Este conteúdo foi traduzido por máquina para sua conveniência e a Huawei Cloud não pode garantir que o conteúdo foi traduzido com precisão. Para exibir o conteúdo original, use o link no canto superior direito para mudar para a página em inglês.
Atualizado em 2023-09-21 GMT+08:00

Configuring Anti-Crawler Rules

You can configure website anti-crawler protection rules to protect against search engines, scanners, script tools, and other crawlers, and use JavaScript to create custom anti-crawler protection rules.

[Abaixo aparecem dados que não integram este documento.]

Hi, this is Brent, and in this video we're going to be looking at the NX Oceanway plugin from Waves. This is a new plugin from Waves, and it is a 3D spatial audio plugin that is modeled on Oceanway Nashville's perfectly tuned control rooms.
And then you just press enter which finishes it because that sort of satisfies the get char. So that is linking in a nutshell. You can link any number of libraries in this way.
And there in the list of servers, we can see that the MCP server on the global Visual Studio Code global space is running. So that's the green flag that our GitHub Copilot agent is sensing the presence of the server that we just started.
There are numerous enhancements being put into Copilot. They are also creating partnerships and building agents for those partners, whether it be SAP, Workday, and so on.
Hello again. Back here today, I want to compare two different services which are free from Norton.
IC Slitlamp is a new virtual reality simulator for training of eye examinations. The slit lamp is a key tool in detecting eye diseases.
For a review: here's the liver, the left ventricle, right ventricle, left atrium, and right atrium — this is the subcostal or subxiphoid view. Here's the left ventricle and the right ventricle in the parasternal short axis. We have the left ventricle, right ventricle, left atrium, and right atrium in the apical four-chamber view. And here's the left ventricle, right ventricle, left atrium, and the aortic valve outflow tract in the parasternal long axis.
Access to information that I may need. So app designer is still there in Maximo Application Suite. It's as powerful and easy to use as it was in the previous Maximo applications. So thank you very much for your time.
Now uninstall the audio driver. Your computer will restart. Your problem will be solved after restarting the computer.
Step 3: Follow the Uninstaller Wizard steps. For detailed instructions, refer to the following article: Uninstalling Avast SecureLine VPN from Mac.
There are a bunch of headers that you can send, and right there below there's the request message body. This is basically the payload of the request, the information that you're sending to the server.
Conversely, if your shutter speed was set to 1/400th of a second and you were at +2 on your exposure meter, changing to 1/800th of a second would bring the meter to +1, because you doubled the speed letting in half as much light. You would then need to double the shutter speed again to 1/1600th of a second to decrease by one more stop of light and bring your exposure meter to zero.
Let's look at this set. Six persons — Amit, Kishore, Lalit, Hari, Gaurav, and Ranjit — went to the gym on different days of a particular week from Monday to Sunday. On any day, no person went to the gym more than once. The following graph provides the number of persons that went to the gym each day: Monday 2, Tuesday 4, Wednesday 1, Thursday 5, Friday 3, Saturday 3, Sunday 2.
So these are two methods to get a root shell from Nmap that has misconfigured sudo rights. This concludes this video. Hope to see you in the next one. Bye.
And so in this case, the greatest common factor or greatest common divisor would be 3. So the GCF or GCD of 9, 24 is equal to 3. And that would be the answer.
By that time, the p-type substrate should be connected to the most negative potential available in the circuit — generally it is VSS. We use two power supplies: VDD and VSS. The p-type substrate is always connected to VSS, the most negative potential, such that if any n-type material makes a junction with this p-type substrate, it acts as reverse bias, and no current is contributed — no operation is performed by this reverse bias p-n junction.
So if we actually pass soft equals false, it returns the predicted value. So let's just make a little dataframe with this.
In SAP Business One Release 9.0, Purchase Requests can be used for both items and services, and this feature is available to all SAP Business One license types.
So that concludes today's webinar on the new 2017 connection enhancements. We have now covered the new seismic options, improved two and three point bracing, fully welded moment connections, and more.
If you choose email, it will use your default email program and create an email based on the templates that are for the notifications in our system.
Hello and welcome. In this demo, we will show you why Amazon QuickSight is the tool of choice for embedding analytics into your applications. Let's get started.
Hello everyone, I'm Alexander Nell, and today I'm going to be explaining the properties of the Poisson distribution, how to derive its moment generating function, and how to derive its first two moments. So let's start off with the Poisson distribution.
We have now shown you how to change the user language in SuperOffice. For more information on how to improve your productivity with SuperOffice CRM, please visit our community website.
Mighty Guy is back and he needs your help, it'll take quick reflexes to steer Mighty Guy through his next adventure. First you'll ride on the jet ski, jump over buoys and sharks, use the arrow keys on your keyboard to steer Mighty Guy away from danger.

Se você ativou projetos corporativos, verifique se tem todas as permissões de operação para o projeto em que sua instância do WAF está localizada. Em seguida, você pode selecionar o projeto na lista suspensa Enterprise Project e configurar políticas de proteção para os nomes de domínio no projeto.

Pré-requisitos

Um site foi adicionado ao WAF.

Constraints

  • Cookies must be enabled and JavaScript supported by any browser used to access a website protected by anti-crawler protection rules.
  • If your service is connected to CDN, exercise caution when using the JS anti-crawler function.

    CDN caching may impact JS anti-crawler performance and page accessibility.

  • The JavaScript anti-crawler function is unavailable for pay-per-use WAF instances.
  • This function is unavailable in the standard edition, formerly professional edition.
  • Currently, the JavaScript anti-crawler is supported in CN-Hong Kong and AP-Bangkok regions.
  • If no blocking logs are available after you enable the JavaScript-based anti-crawler rules, handle the issue by referring to Why No Logs Are Found for Some Requests Blocked by WAF After Anti-Crawler Is Enabled?
  • WAF only logs JavaScript challenge and JavaScript authentication events. No other protective actions can be configured for JavaScript challenge and authentication.
  • WAF JavaScript-based anti-crawler rules only check GET requests and do not check POST requests.

How JavaScript Anti-Crawler Protection Works

Figura 1 shows how JavaScript anti-crawler detection works, which includes JavaScript challenges (step 1 and step 2) and JavaScript authentication (step 3).

Figura 1 JavaScript Anti-Crawler protection process

If JavaScript anti-crawler is enabled when a client sends a request, WAF returns a piece of JavaScript code to the client.

  • If the client sends a normal request to the website, triggered by the received JavaScript code, the client will automatically send the request to WAF again. WAF then forwards the request to the origin server. This process is called JavaScript verification.
  • If the client is a crawler, it cannot be triggered by the received JavaScript code and will not send a request to WAF again. The client fails JavaScript authentication.
  • If a client crawler fabricates a WAF authentication request and sends the request to WAF, the WAF will block the request. The client fails JavaScript authentication.

By collecting statistics on the number of JavaScript challenges and authentication responses, the system calculates how many requests the JavaScript anti-crawler defends. In Figura 2, the JavaScript anti-crawler has logged 18 events, 16 of which are JavaScript challenge responses, and 2 of which are JavaScript authentication responses. Others is the number of WAF authentication requests fabricated by the crawler.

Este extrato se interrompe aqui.